Chapter 112: Nora's story pt.3
"Here's the rest of the payment." I deposited the money for Noah's medical fees to the hospital accountant.
"Thank you very much." The accountant took the money and handed me the receipt.
I forced a smile, took the piece of paper and went to see Noah.
I opened the door to his room. The doctor was already there examining him as he lay on the bed.
I walked up to them, "Hello Doctor Kim."
"Hello Nora." He glanced at me, "I heard you've deposited the fee today." He examined the papers in his hands.
"Yes, for the surgery and for this months charge."
"In four months you managed to earn enough that you paid for all the bills." He put his papers down and looked at me, "I hope you're not doing anything that will harm you."
"Does that matter?" I looked back at him, "It's not like the hospital will allow him to stay here for free."
He turned his gaze away without saying anything. There was nothing he could have said anyway.
He just walked out of the room.
I went and sat on the stool by Noah's bed. He still hadn't woken up.
"Noah…" I whispered as I took his hand in both of mine and brought it next to my cheek, "Wake up. You don't need to worry about the money now. I'm earning enough."

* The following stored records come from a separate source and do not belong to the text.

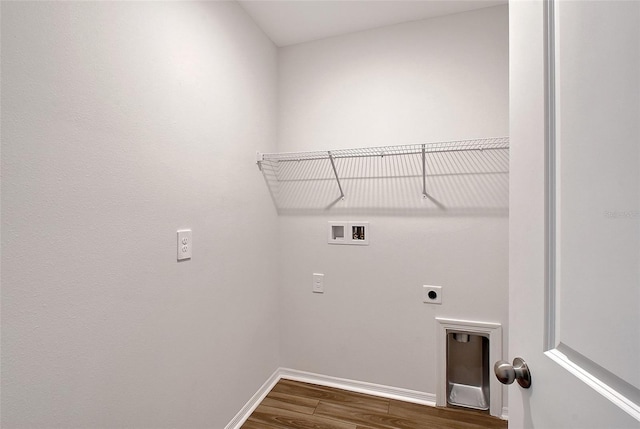 1643 35th St, Sarasota, FL 34234 - laundry room with hookup for a washing machine, electric dryer hookup, dark wood finished floors, and baseboards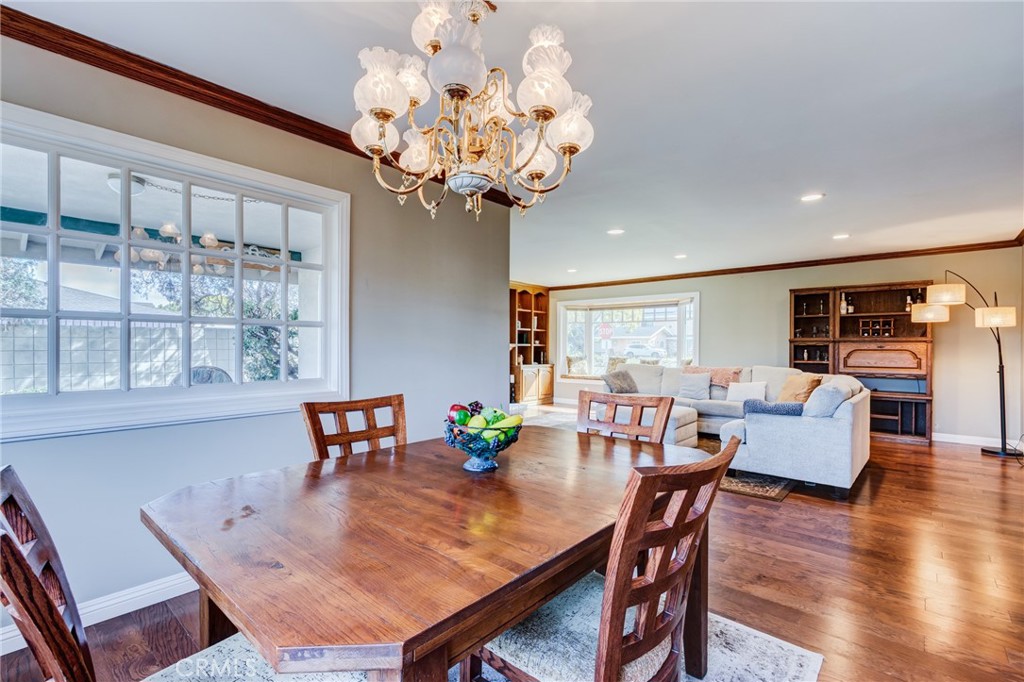 2757 Puente Street Fullerton, CA 92835 - Photo 17 of 71 a view of a dining room with furniture wooden floor and chandelier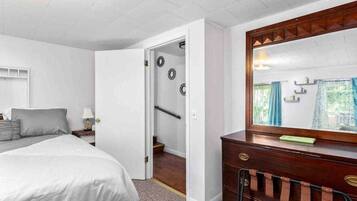 Une chambre à coucher comprenant un lit, une commode, un miroir et une porte donnant sur un escalier.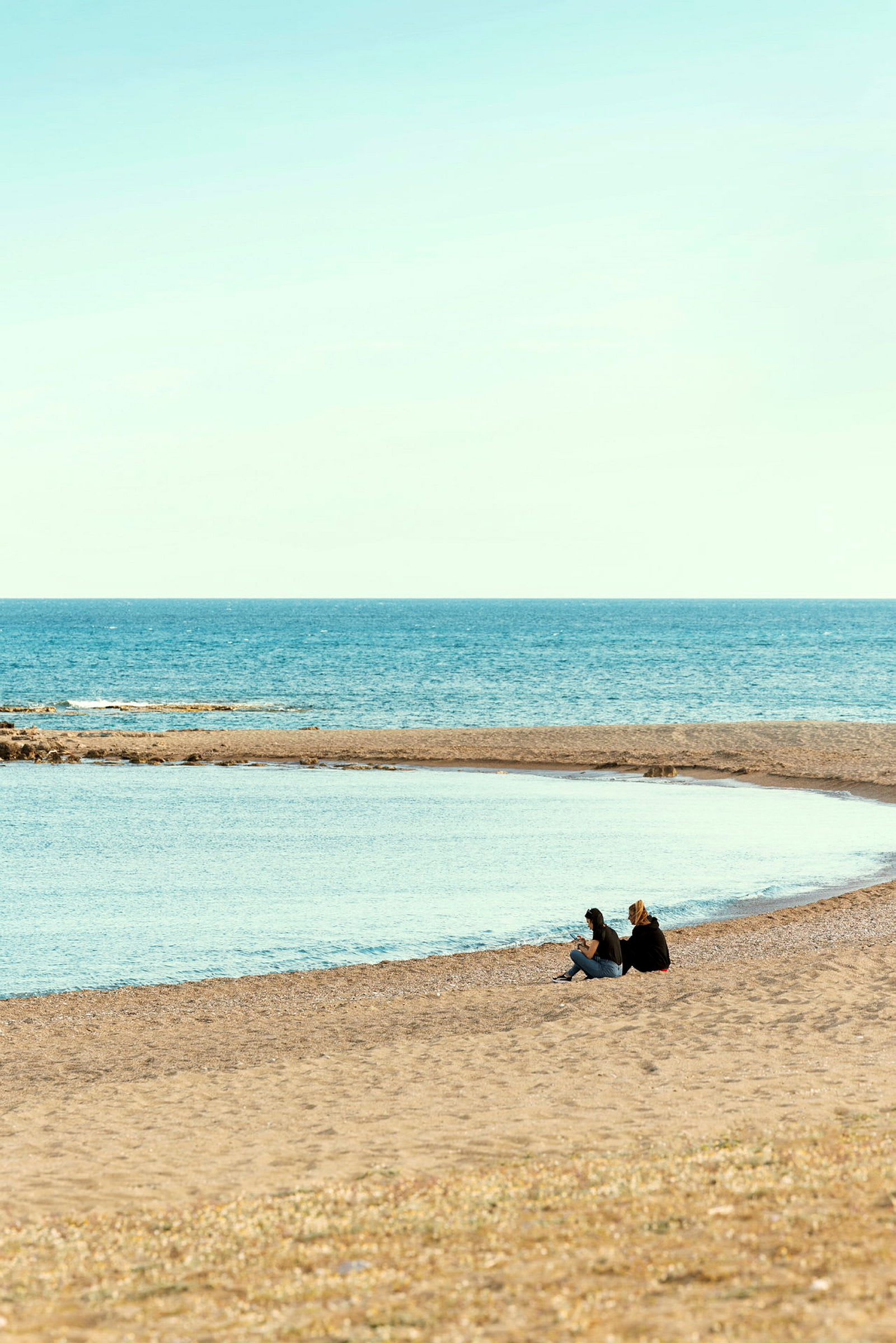To personer sidder på en strand tæt på havet under klar himmel. (AI-genereret tekst)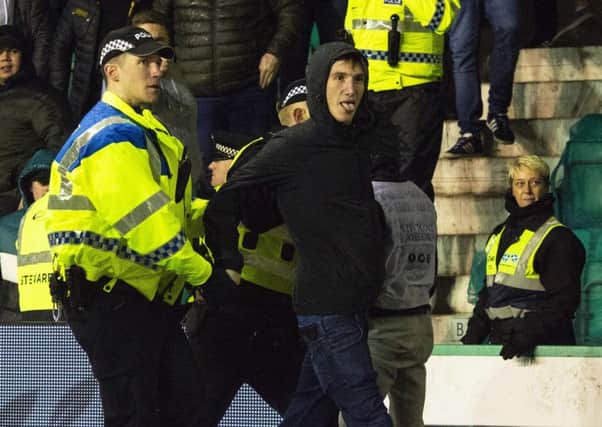 Cameron Mack is led away from Police after running onto the park and confronting James Tavernier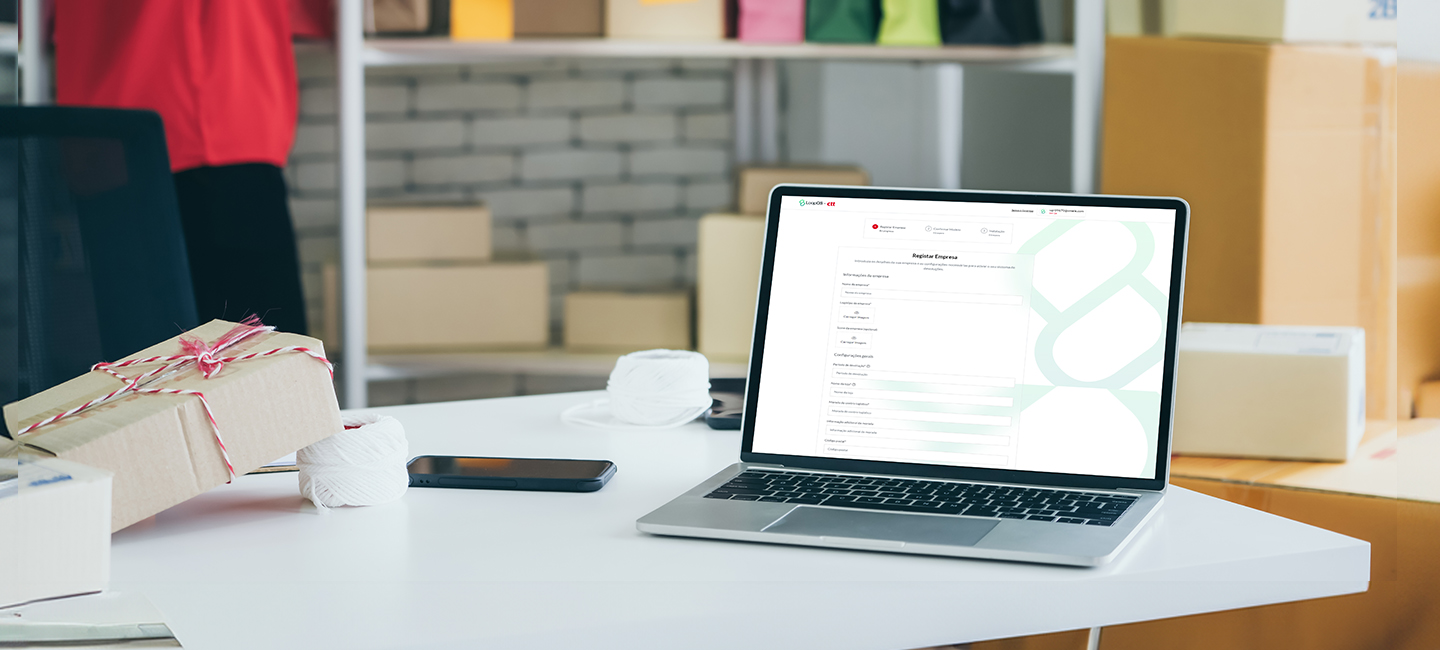 Computador ligado, com uma encomenda em cima da mesa.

Although I can't tell you I'm earning so much now because I took a job as a bar dancer, "I'm waiting for you Noah." I placed his hand back on the bed, "Everyday…"
I stood up.
Everyday I hope you'll wake up.
Everyday I go home and hope that you'll be there in the kitchen, wearing that sloppy girlish apron while failing to make anything other than an egg and boiled rice.
I smiled.
"I'll be going now." I said in a soft tone, "I'll come by tomorrow."
***
As the weeks passed and turned into months I got more used to my job. I still visited Noah everyday and went to school but my nights belonged to the nightclub bar.
With the passage of time I started losing faith of Noah's recovery.
The doctor's weren't sure either but I was still wishing, deep in my heart that he won't leave me.
Even though he hadn't woken up for a year, his presence was enough to keep me going.
Just like any other day I sat by his side with his hand in mine and I talked to him.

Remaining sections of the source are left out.